A importância do Mosaico do Jalapão
Reconhecido pelo Ministério do Meio Ambiente (MMA) por meio da Portaria nº 434/2016, o Mosaico do Jalapão abrange Unidades de Conservação federais, estaduais e particulares que somam mais de 43 mil km² de Cerrado preservado. É o maior bloco contínuo de vegetação nativa do Brasil Central.
Entre as áreas que compõem o Mosaico estão a Estação Ecológica Serra Geral do Tocantins, a Estação Ecológica Rio Preto, o Parque Nacional das Nascentes do Rio Parnaíba, o Parque Estadual do Jalapão e as APAs Serra da Tabatinga, Jalapão e Rio Preto. Também fazem parte o Monumento Natural Cânions e Corredeiras do Rio do Sono e a RPPN Catedral do Jalapão.
Encontro reforça integração entre estados
Durante a reunião, gestores apresentaram as Unidades de Conservação, destacando avanços e desafios de cada uma. A Bahia foi representada por Iedo Rodrigues Vitor, gestor do Inema; o Tocantins, pelo Instituto Naturetins; e as UCs federais, por representantes do ICMBio. A Universidade Federal do Oeste da Bahia (UFOB), os municípios de Formosa do Rio Preto e Santa Rita de Cássia, além de instituições da sociedade civil, também participaram.
“Esforço conjunto pela preservação do Cerrado”
Para Jeanne Florence, diretora de Sustentabilidade e Conservação do Inema, a retomada do Mosaico reforça o compromisso coletivo pela conservação.

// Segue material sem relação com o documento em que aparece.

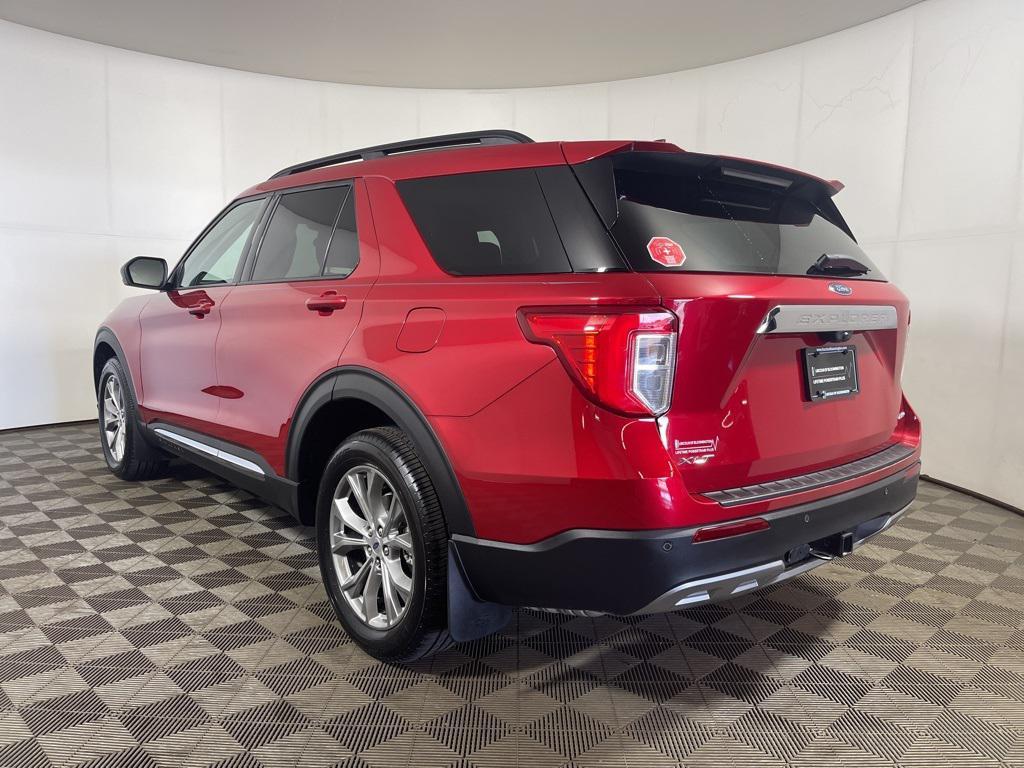 used 2023 Ford Explorer car, priced at $33,482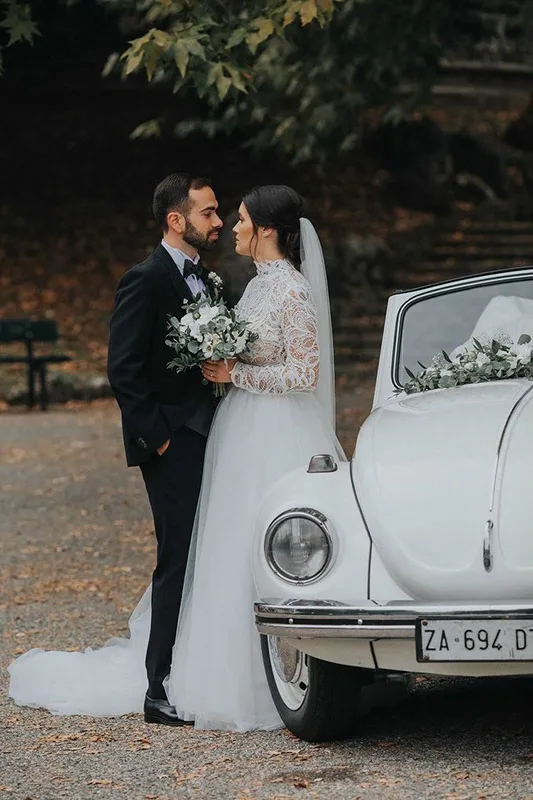 Minimalismo raffinato — Real Bride sposa Torino, Idea Sposa Couture (34)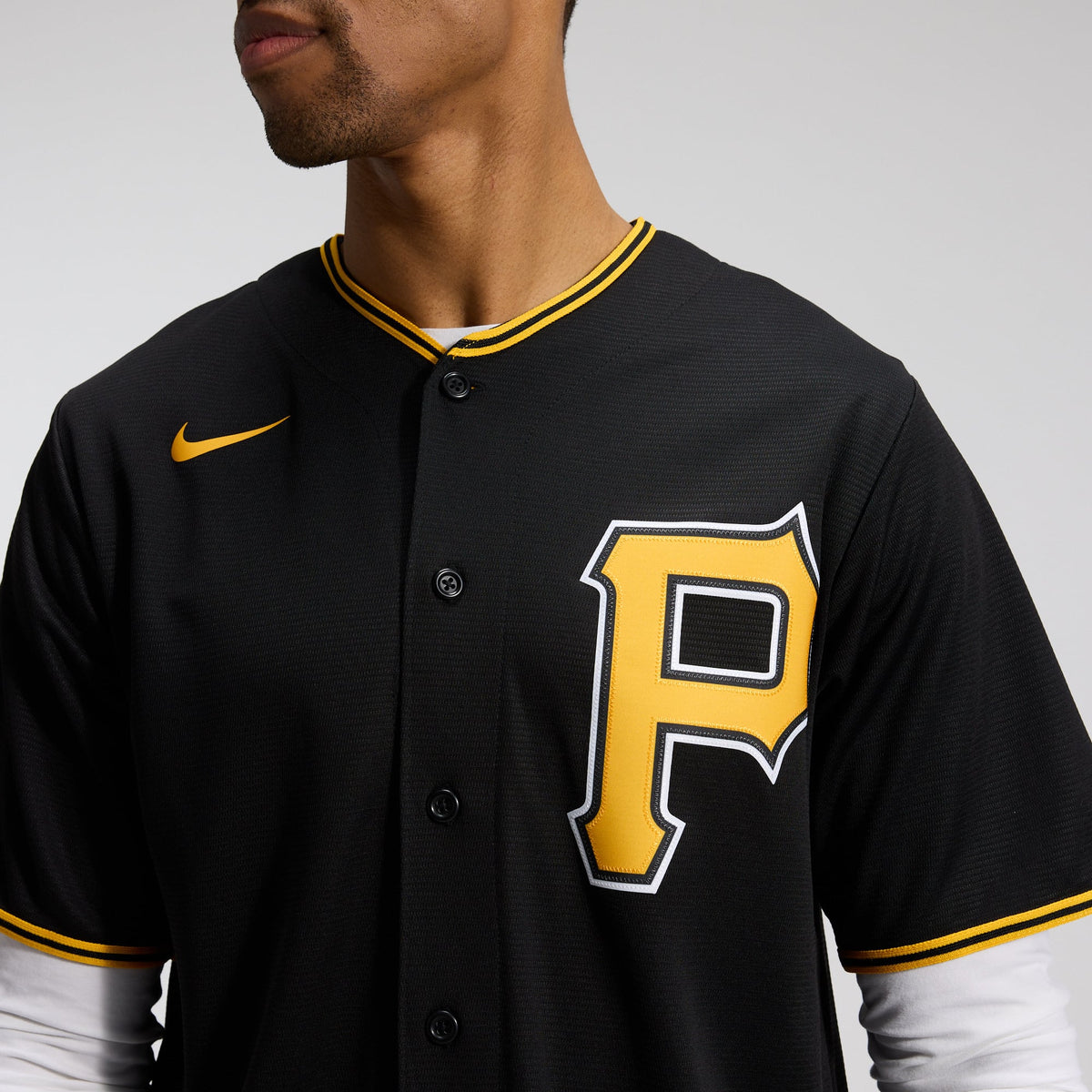Pittsburgh Pirates Nike Black Alternate Replica Team Jersey
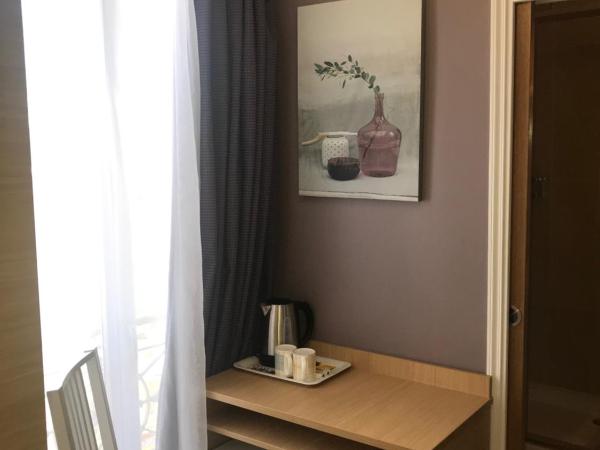 Hotel de L'Union : photo 4 de la chambre chambre lits jumeaux avec douche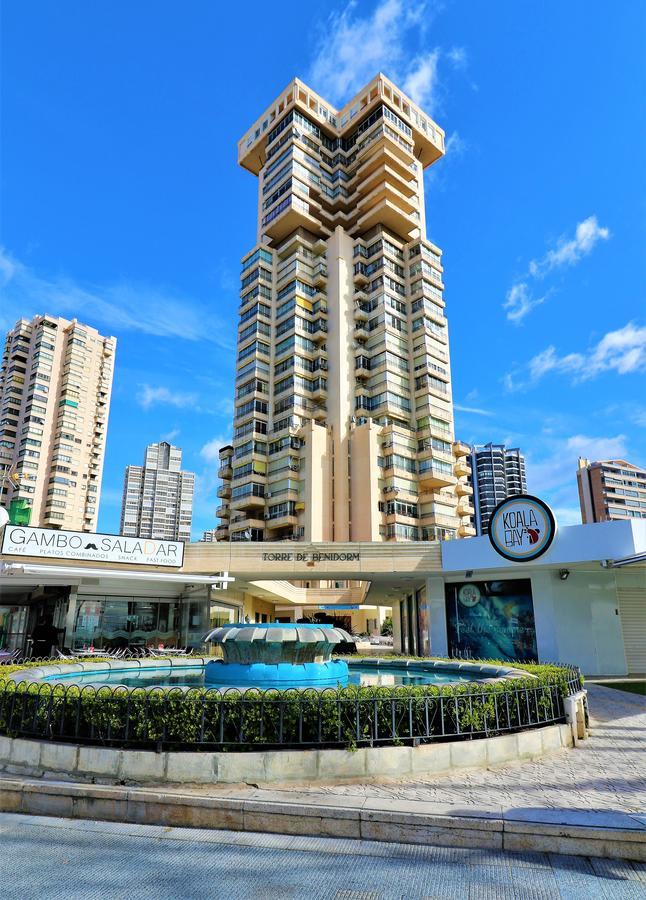 Torre Benidorm 8-1 Apartment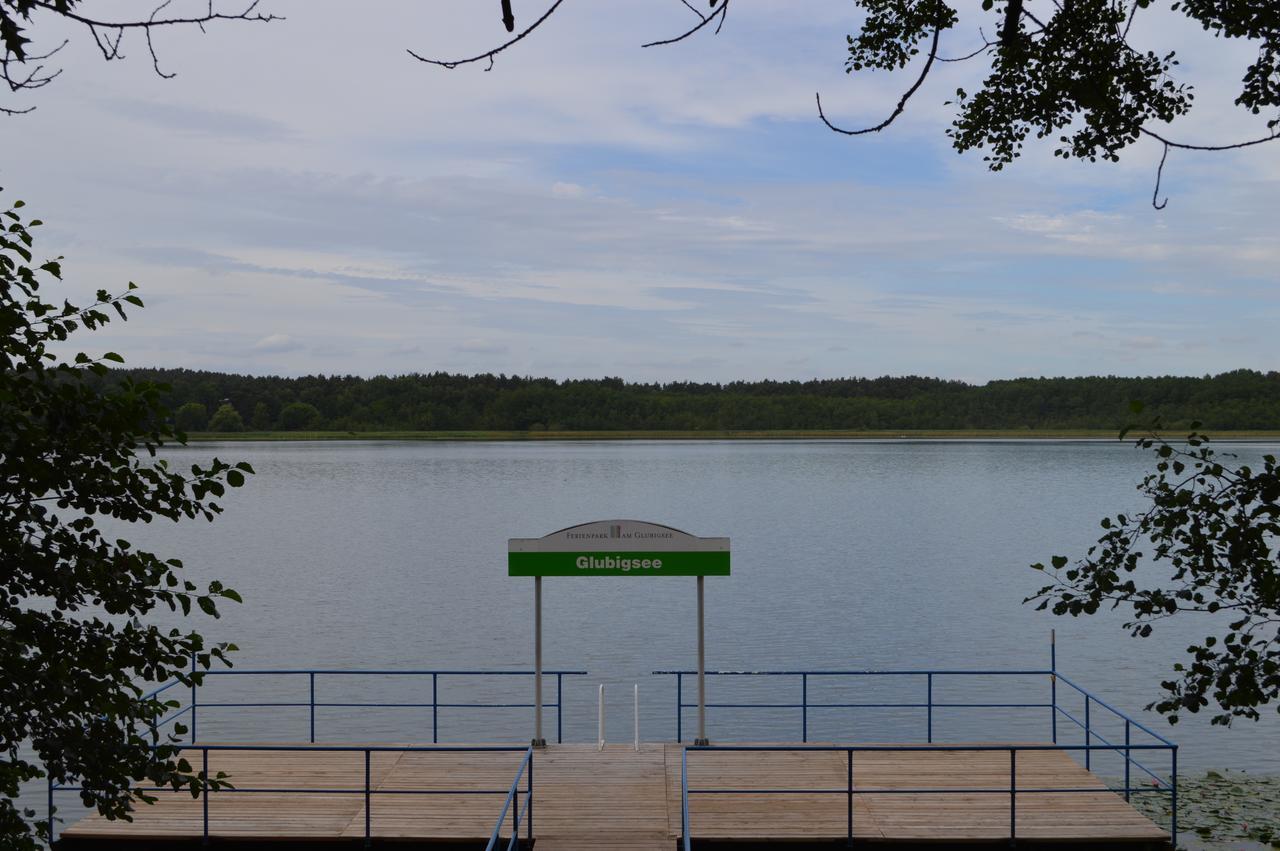 Ferienpark Am Glubigsee Wendisch Rietz Luaran gambar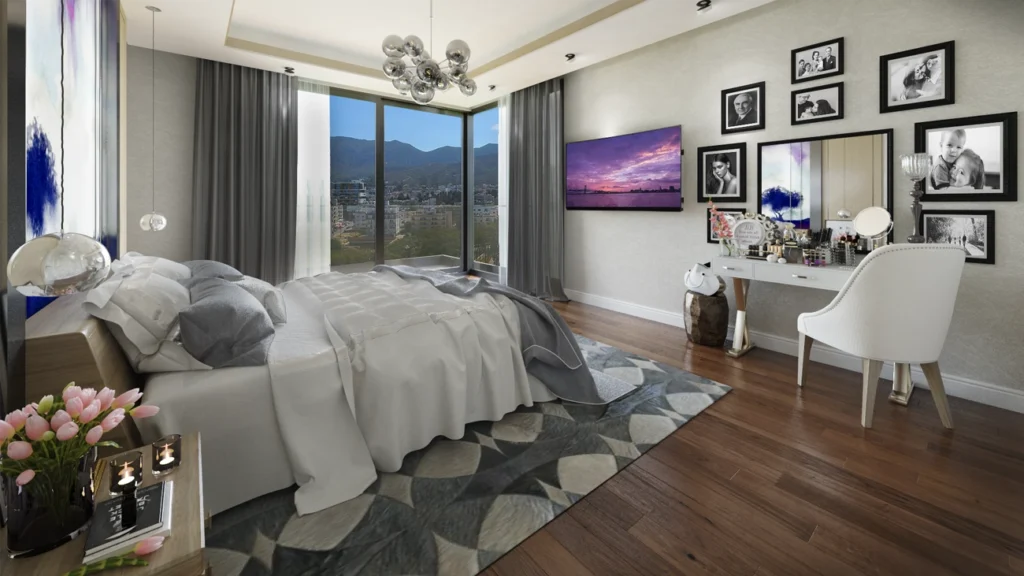 3 BR penthouse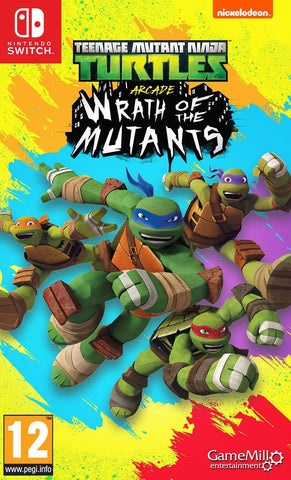 Teenage Mutant Ninja Turtles Arcade Wrath of the Mutants (Nintendo Switch) - GameShop Malaysia
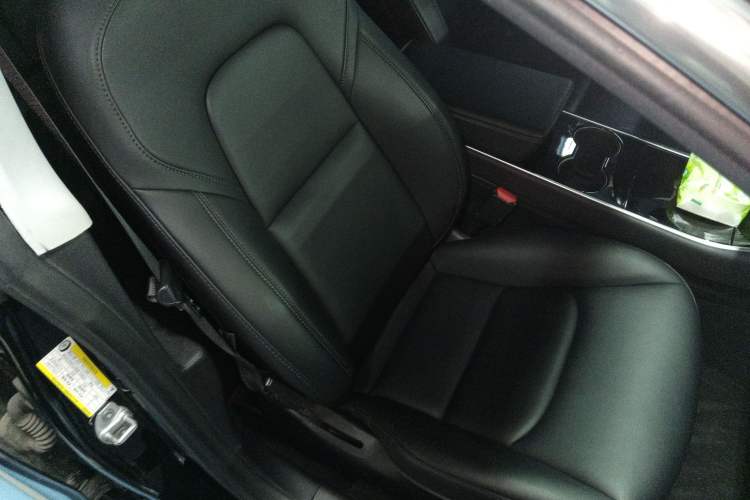 Used Tesla Model 3 2019 Long-Range All-Wheel-Drive Version Right Front Seat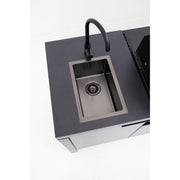 BeefEater 4 Burner Cabinex Premium Outdoor Kitchen with Fridge
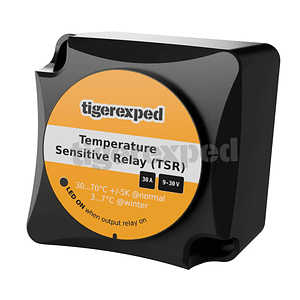 Termostato de protección 30A 12/24V 600W con sistema antifrost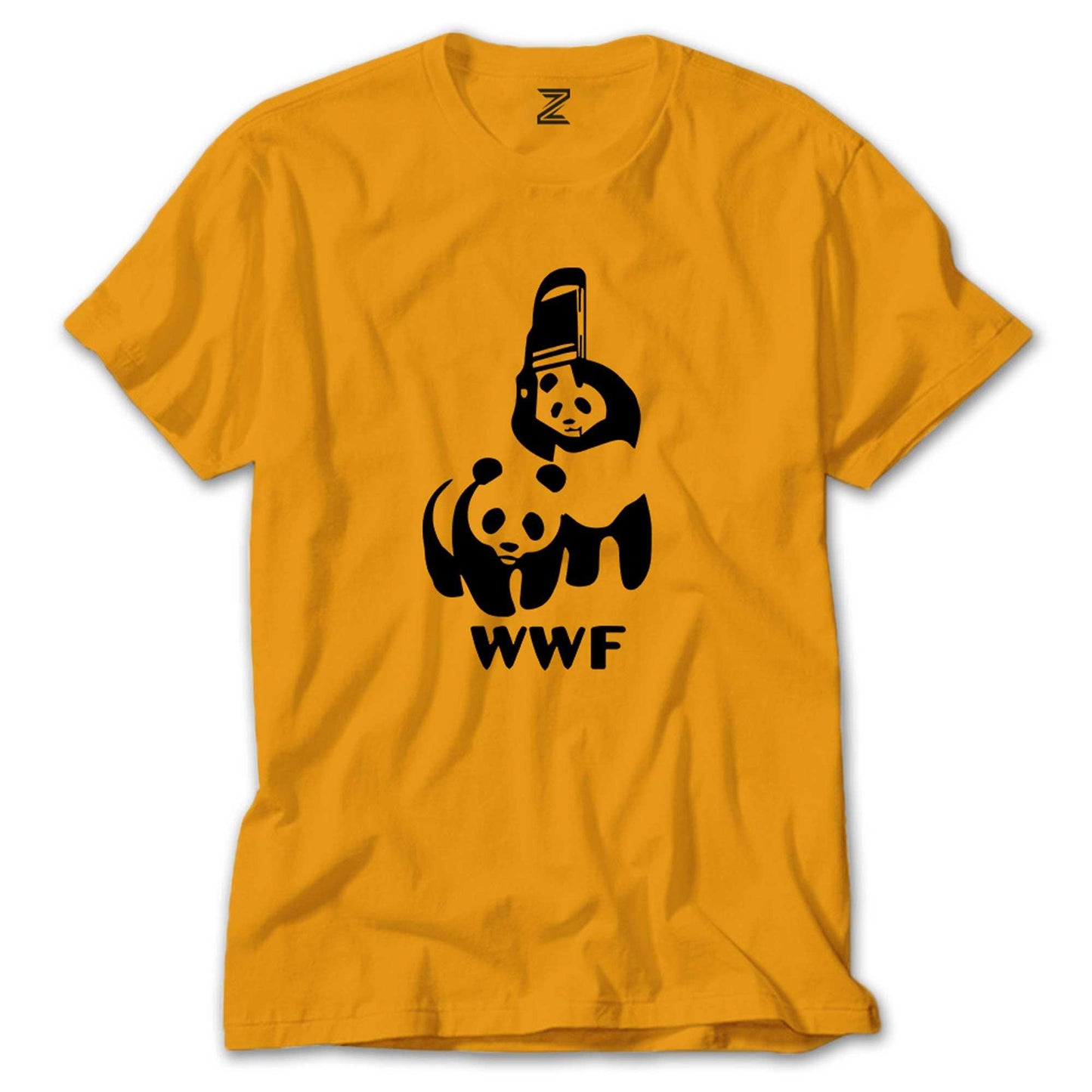 UFC WWF Panda Renkli Tişört - Crows Gategiyim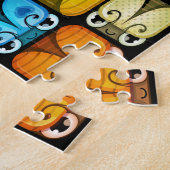 Baby BUGS Puzzle Legpuzzel (Zijkant)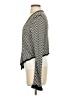 Unbranded Chevron-herringbone Silver Black Cardigan Size S (estimated) - photo 5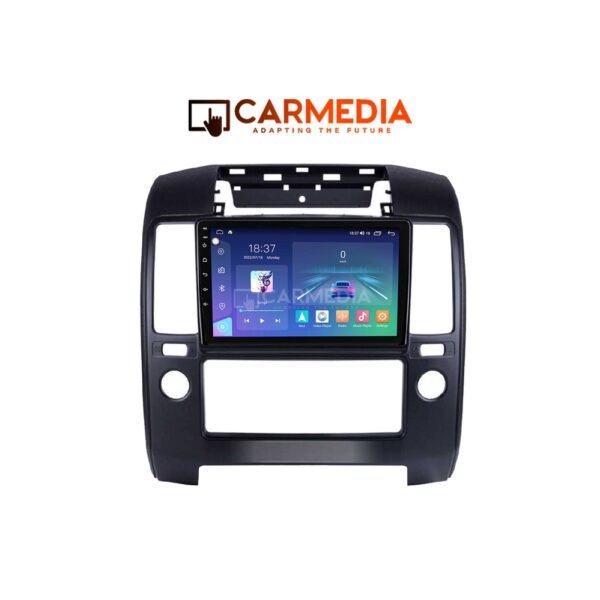 CARMEDIA CM2089-13 TABLET 9'' OEM NISSAN NAVARA 2004-2016 A/C
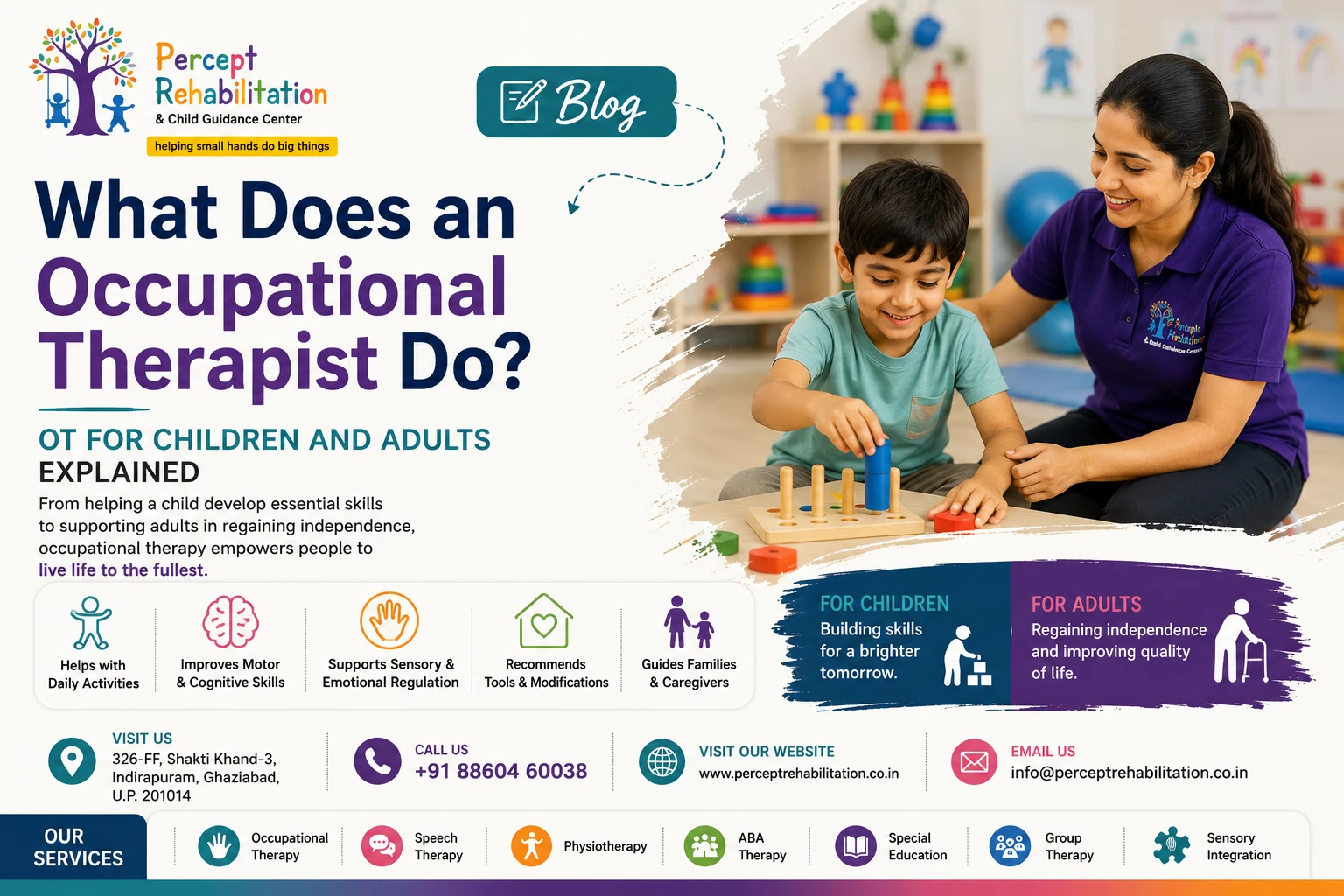 What Does an Occupational Therapist Do? OT for Children and Adults Explained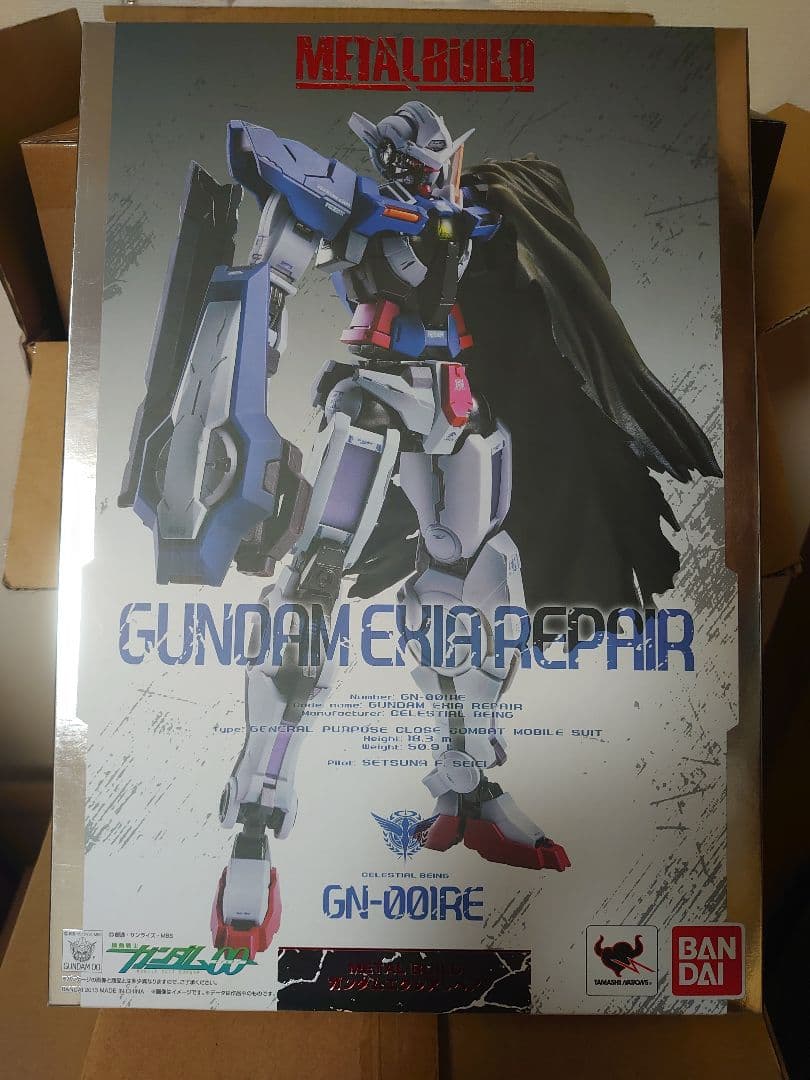 未開封　メタルビルド　LBUILD　ガンダムエクシアリペア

“O Mosaico é uma experiência exemplar de cooperação entre estados, instituições e comunidades. Essa retomada reforça o compromisso com a conservação do Cerrado e com o fortalecimento das comunidades que vivem e cuidam desse território tão valioso”, afirmou.
Planejamento até 2027
Além de definir os representantes do poder público e da sociedade civil, o encontro estabeleceu as bases para o novo Conselho do Mosaico. Também foram traçadas ações prioritárias para os próximos dois anos, com foco em governança, planejamento conjunto e valorização das comunidades locais.
As atividades incluíram oficinas de elaboração do novo Plano de Ação do Mosaico do Jalapão, que orientará as estratégias de conservação e desenvolvimento sustentável até 2027.